It’s been a huge week for audit and governance. Two reports, by the Competition and Markets Authority (CMA) and Sir John Kingman, have set a path towards reconstituting the provision and regulation of audit to improve its quality and value.
For board members, and particularly audit committees, who help choose and work with auditors, there is much to consider—and particularly the direction laid out by the CMA.
Among the wide-ranging recommendations of the interim report, it suggests audit committees could spend more time on auditor scrutiny; that investors need to accept smaller firms as auditors if audit committees choose them; and other executives should have less influence on the audit process.
And the one that could cause the most consternation: audit committees should report directly to a regulator during the tender and engagement processes; and regulators should rebuke audit committees if they believe their performance is below par.
“There is no doubt that the changes put more heat on the audit committee chair, and for some that will make the role less attractive,” says Pippa Begg, co-chief executive at Board Intelligence.
“One thing is for sure, it does shift the prominence of the role and the risk-vs-reward pendulum. I would expect to see audit committee chairs doing far more due diligence, and rightly so, before they accept a position.”
Being on an audit committee is “a thankless task” according to Paul Moxey, visiting professor in corporate governance at London South Bank University and a consultant.
He has concerns that the proposed changes might fail to address the core issue: audit committees have “little incentive” to go looking for audit problems.
“Similarly, thorough investigation of what audit committees did, or did not do, after a failure such as Carillion, should focus audit committee members’ minds,” he adds.
“It is a great pity that this has not been done [before], as there is a lot which could have been learned that could have made audit committee members more effective,” says Moxey.
–Pippa Begg, Board Intelligence
However, portfolio non-executive director and CFO mentor Bob Beveridge doesn’t agree with a number of the measures laid out for audit committees from the CMA report.
Firstly, he disagrees with regulatory involvement and reporting during the audit tender process.
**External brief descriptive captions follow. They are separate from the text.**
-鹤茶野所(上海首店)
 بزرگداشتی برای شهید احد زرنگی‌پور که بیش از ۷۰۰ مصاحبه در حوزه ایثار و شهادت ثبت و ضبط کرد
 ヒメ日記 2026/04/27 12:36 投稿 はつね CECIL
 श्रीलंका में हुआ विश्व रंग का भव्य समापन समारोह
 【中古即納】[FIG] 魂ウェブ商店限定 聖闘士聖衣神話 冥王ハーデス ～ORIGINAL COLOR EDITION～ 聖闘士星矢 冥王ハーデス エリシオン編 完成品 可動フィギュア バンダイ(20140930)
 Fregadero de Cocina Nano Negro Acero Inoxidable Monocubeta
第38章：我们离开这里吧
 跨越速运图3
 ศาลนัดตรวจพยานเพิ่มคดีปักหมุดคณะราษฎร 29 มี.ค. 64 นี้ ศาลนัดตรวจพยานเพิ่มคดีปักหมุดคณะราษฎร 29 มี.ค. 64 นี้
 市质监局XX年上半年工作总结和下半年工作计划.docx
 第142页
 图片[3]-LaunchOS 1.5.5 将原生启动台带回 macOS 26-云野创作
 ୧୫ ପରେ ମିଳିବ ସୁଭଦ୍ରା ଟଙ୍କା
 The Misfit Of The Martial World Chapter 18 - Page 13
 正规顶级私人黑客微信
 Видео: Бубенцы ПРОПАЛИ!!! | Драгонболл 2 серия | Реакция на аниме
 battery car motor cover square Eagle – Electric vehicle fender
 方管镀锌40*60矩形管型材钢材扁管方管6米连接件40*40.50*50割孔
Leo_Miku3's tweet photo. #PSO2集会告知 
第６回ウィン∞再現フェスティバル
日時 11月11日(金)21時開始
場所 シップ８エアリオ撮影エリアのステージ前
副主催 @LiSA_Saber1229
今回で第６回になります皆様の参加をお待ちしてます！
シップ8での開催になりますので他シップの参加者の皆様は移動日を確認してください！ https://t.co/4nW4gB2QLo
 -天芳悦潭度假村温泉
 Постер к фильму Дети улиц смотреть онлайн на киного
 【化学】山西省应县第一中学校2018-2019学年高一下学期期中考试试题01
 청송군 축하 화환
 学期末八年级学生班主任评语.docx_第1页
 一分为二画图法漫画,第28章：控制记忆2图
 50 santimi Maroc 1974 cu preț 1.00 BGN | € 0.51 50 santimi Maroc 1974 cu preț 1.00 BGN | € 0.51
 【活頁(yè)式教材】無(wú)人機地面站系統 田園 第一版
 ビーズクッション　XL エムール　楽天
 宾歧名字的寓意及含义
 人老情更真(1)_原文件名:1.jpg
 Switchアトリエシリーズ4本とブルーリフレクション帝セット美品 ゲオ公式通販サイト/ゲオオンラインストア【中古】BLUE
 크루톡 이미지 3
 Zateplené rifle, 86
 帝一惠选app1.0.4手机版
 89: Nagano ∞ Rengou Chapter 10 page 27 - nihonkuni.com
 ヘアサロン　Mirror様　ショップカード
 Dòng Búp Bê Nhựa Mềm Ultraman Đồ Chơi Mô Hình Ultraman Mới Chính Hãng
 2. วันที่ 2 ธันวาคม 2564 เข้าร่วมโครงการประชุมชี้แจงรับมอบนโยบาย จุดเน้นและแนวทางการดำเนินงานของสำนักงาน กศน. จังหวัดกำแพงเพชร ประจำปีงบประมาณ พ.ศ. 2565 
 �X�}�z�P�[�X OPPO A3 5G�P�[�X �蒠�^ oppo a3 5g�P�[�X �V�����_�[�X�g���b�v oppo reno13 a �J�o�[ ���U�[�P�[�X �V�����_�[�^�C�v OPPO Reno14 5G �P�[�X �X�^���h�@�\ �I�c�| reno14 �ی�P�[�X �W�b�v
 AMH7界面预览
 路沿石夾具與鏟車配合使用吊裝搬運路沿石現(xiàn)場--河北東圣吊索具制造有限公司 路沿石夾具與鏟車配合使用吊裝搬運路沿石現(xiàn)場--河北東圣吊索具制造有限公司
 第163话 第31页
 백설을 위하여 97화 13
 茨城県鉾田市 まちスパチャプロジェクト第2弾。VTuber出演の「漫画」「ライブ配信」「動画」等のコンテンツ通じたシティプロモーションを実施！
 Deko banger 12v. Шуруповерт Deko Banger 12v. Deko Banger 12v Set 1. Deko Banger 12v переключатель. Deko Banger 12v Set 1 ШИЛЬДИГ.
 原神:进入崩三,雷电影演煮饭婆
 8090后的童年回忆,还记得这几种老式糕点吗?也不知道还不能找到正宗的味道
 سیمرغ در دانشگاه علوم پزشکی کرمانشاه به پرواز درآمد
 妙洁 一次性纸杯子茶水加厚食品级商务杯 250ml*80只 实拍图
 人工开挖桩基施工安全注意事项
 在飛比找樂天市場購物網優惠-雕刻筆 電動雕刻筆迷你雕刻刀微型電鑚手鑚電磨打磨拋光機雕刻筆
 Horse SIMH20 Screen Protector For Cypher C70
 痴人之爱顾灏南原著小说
A “minimum criteria” should be set out for the process, and gauged in terms of its appropriateness and effectiveness in review.
“The proposed change … [implies] a lack of trust in audit chairs and feels rather disrespectful. Reporting afterwards is less of an issue and perfectly reasonable,” he explains.
But, for Pippa Begg, “fundamentally the role hasn’t changed”.
“Audit committee chairs should have been doing this before—we’ve just raised the bar on what is expected and injected new ideas (like two auditors undertaking the audit) to ensure quality,” she says.
“Non-executives have always had to walk a fine line of being a critical friend to the executive, and these proposals heighten that challenge.
“The key to being successful will be how they challenge habits, norms and conventions, and ask the difficult and sometimes quite uncomfortable questions in a way that supports the business rather than making those involved feel hen-pecked.”